WHAT THIS TASK INVOLVES — Using the material below, return exactly the lines between the one holding "好久没见敖子逸跳舞了，一跳就是重磅《love shut》" and the one holding "5PCS MJE15032G MJE15033G", inclusive, and no others.
DATA section start
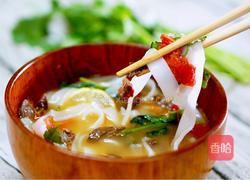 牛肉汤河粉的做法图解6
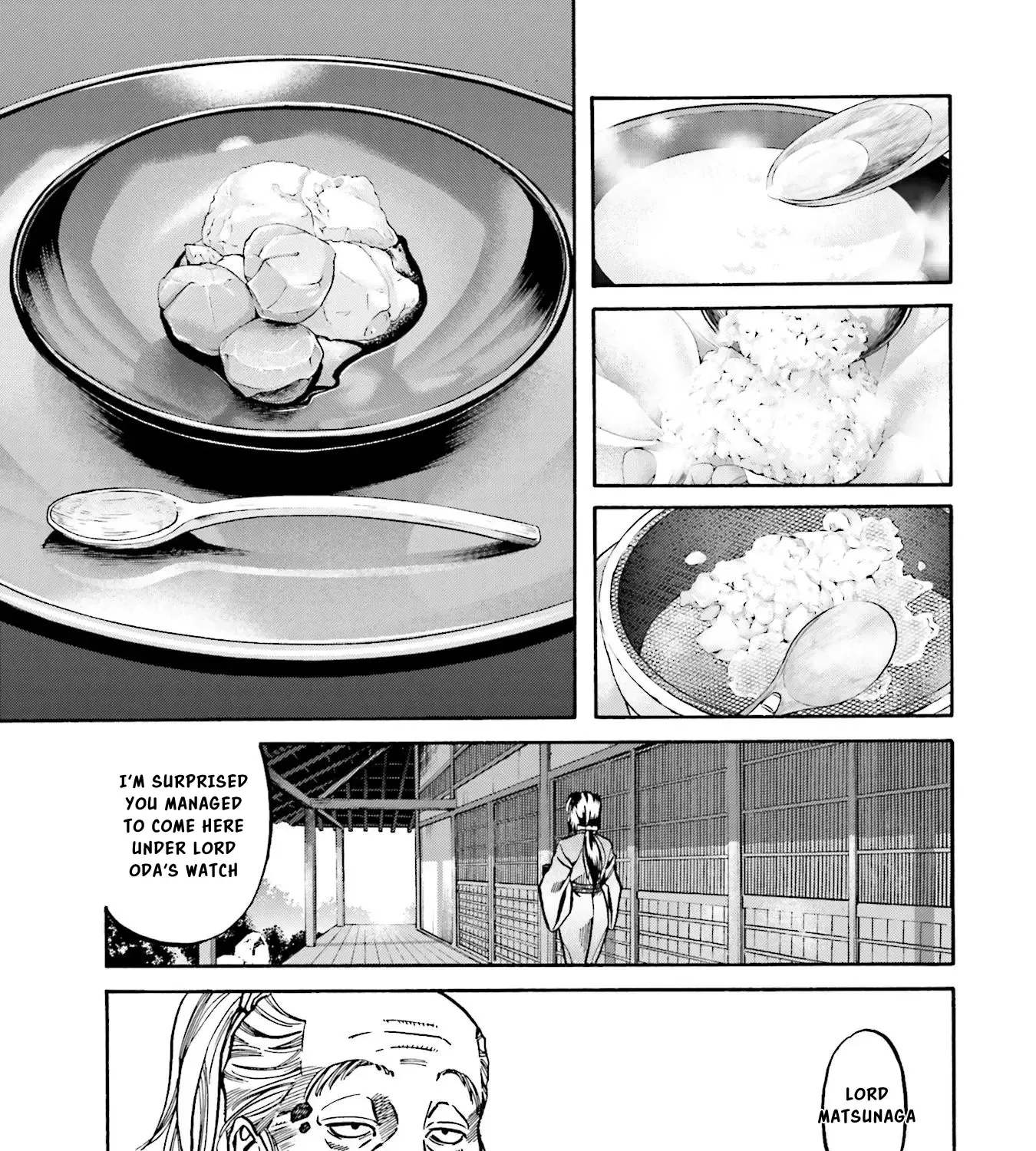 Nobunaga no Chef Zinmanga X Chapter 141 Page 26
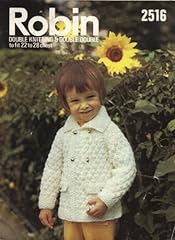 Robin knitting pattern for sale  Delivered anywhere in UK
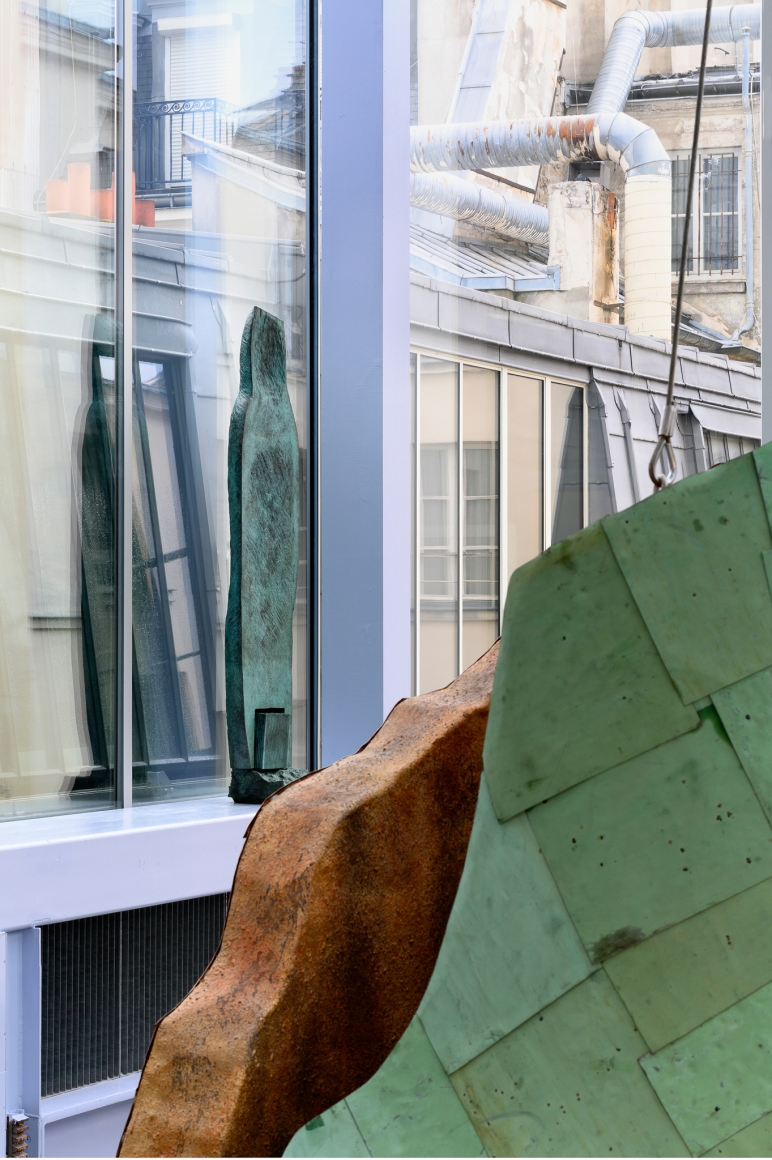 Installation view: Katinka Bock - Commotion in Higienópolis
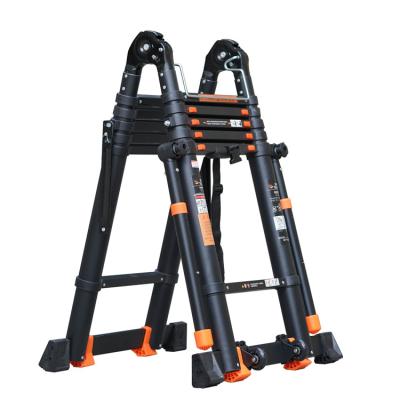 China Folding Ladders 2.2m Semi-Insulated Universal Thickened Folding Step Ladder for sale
DATA section end
DATA section start
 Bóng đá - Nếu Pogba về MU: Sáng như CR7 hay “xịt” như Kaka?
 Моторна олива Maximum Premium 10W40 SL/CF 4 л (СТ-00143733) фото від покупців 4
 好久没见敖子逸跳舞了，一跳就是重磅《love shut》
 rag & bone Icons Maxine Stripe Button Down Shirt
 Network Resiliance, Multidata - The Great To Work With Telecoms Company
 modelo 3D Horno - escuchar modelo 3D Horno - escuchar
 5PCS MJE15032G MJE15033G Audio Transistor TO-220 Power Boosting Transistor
DATA section end
RESPONSE TO THE TASK —
 好久没见敖子逸跳舞了，一跳就是重磅《love shut》
 rag & bone Icons Maxine Stripe Button Down Shirt
 Network Resiliance, Multidata - The Great To Work With Telecoms Company
 modelo 3D Horno - escuchar modelo 3D Horno - escuchar
 5PCS MJE15032G MJE15033G Audio Transistor TO-220 Power Boosting Transistor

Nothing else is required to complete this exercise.